On Thursday, the European Court of Justice gave its ruling on the GS Media v Sanoma-case regarding hyperlinking to infringing content. The digital world has held its breath in anticipation – would the ruling upset the way we link from websites and blogs? Would it make commercial-scale pirate services legal? The Attorney General’s opinion from this spring pointed to the latter. An expert speculated about the outcomes the other day to Netopia.

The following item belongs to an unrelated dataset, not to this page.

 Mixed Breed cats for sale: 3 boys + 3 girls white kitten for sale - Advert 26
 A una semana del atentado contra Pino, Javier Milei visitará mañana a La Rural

In the end, the CJEU found a middle ground saying that linking to illegal content is illegal… sometimes. If there is intent – such as with commercial-scale piracy – or in case of knowledge – for example a notice-and-take-down-request – or if it’s obvious that the content is infringing – free versions of movies still playing in cinemas, anyone? In such cases linking is illegal. Students and bloggers can still claim ignorance, Popcorn Time not so much.

While this may seem like a fair balance, the big question is if all the courts around Europe can interpret this in a coherent way. The CJEU must provide something that others can use for guidance, otherwise each and every case would have to go to Luxemburg (perhaps useful as the CJEU judges “pray” for more cases to try, but probably not a great recipe for rights-holders and online services…).

Confusion remains, but at least lawyers will be busy.